[Crawled caption data]
BEGIN

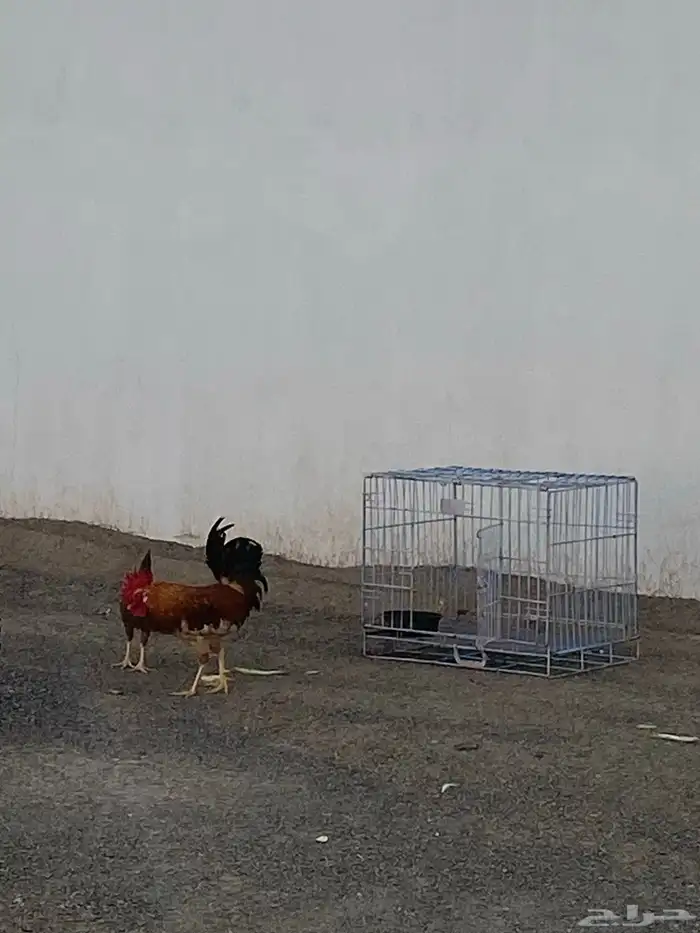 ديك وزقاقيل للبيع 0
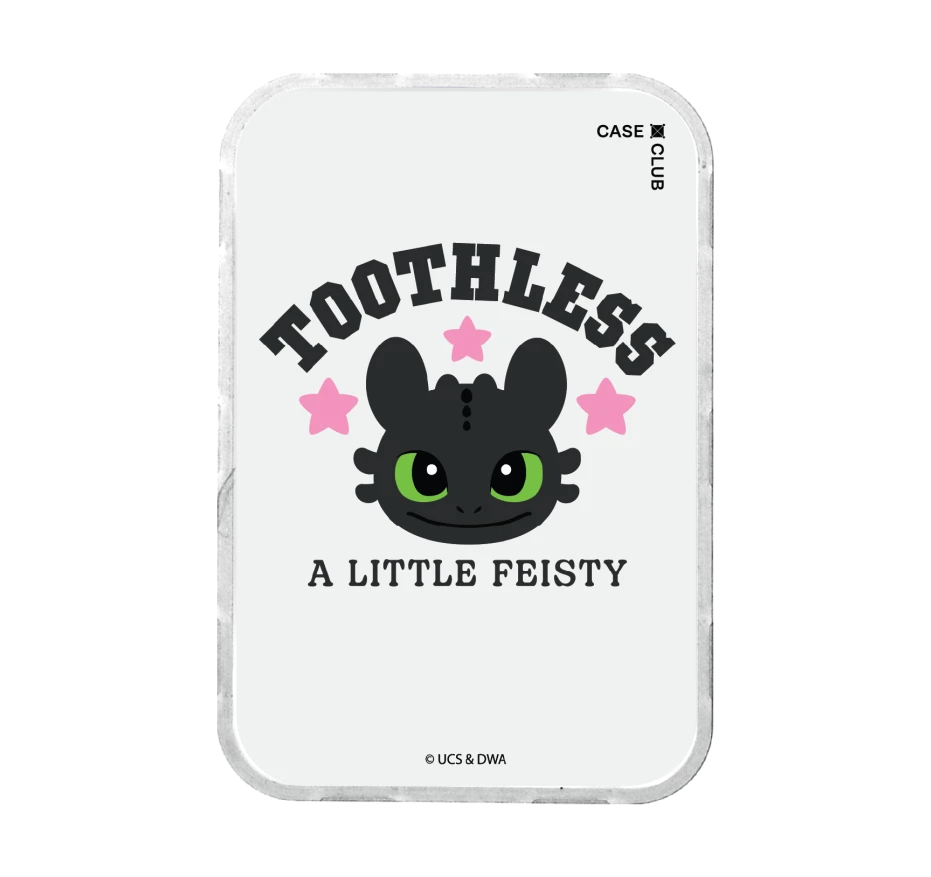 httyd toothless little feisty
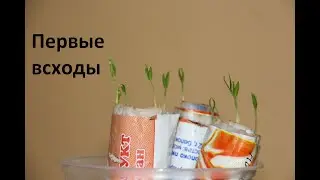 Первые всходы перцев и баклажан сезона 2019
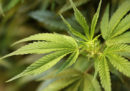 La capitale australiana Canberra ha approvato il possesso e la coltivazione personale di marijuana nel suo territorio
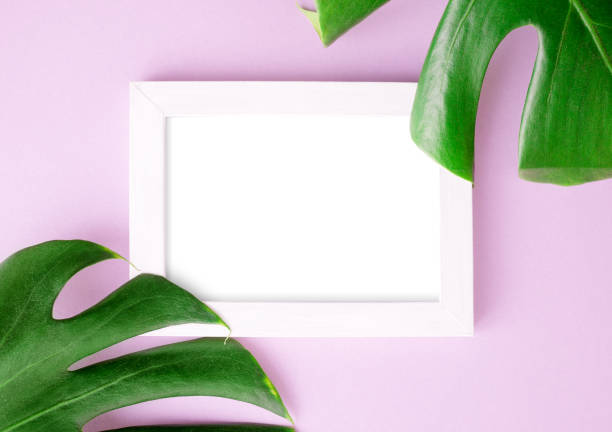 istock Flat lay top view photo frame with Two green monstera leaves on bright pink background. Tropical mock up 1080096178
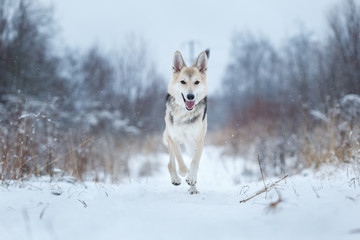 Stray dog that lives on the street. Mongrel in the snow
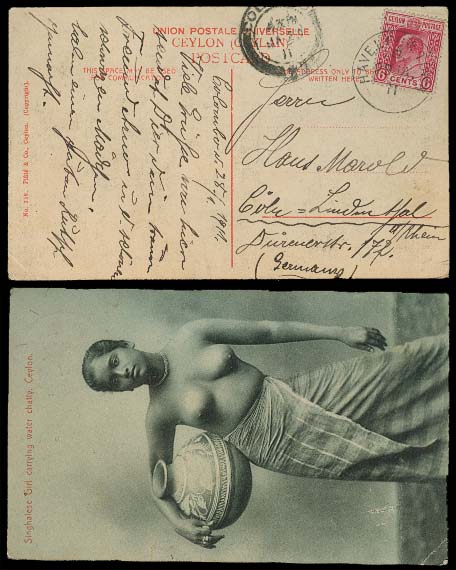 Lot 2530 - british commonwealth Ceylon - Antonio Torres Early Spring private treaty sale Lot 2530 - british commonwealth Ceylon - Antonio Torres Early Spring private treaty sale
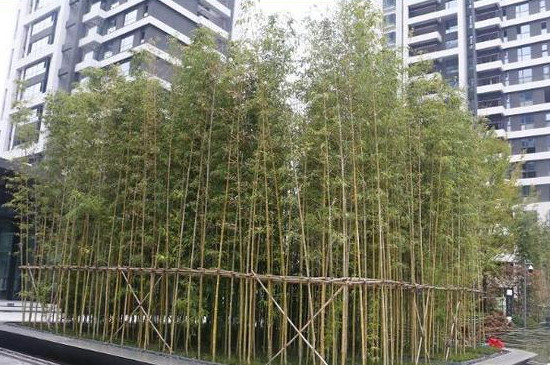 栽竹子怎样成活率才高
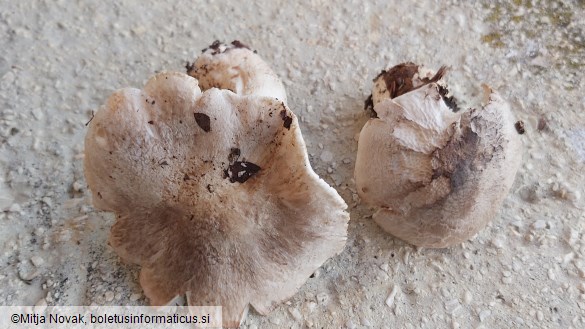 Tricholoma pardinum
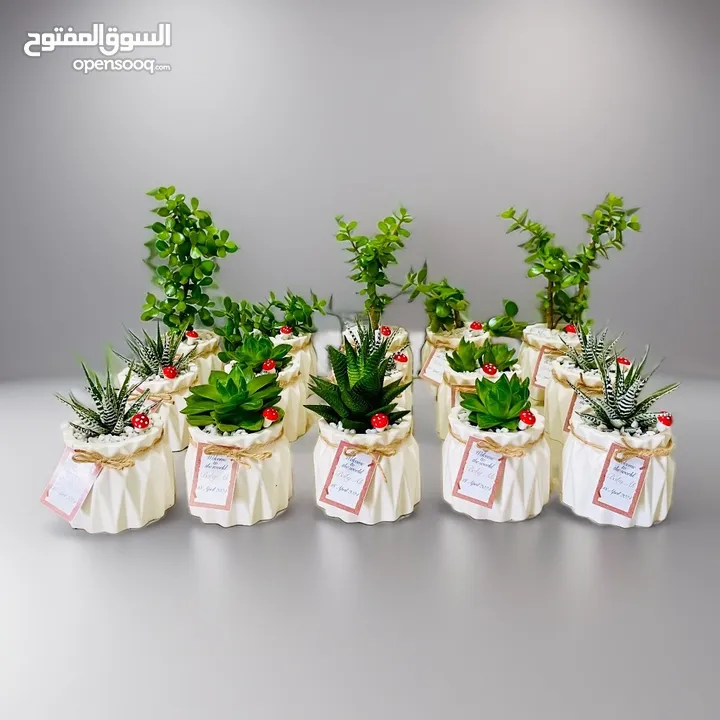 Handmade plant pots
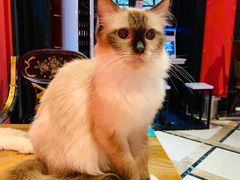-猫色咖啡·猫咖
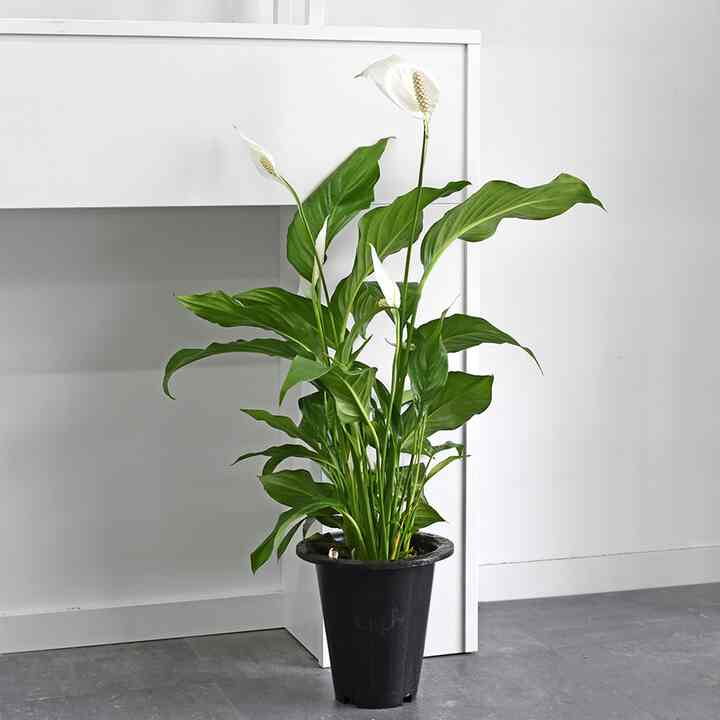 スパティフィラム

END

Your reply should give again exactly the lines from the one with "istock Flat lay" through the last line of the data, with both ends included and pictures left out.

 istock Flat lay top view photo frame with Two green monstera leaves on bright pink background. Tropical mock up 1080096178
 Stray dog that lives on the street. Mongrel in the snow
 Lot 2530 - british commonwealth Ceylon - Antonio Torres Early Spring private treaty sale Lot 2530 - british commonwealth Ceylon - Antonio Torres Early Spring private treaty sale
 栽竹子怎样成活率才高
 Tricholoma pardinum
 Handmade plant pots
-猫色咖啡·猫咖
 スパティフィラム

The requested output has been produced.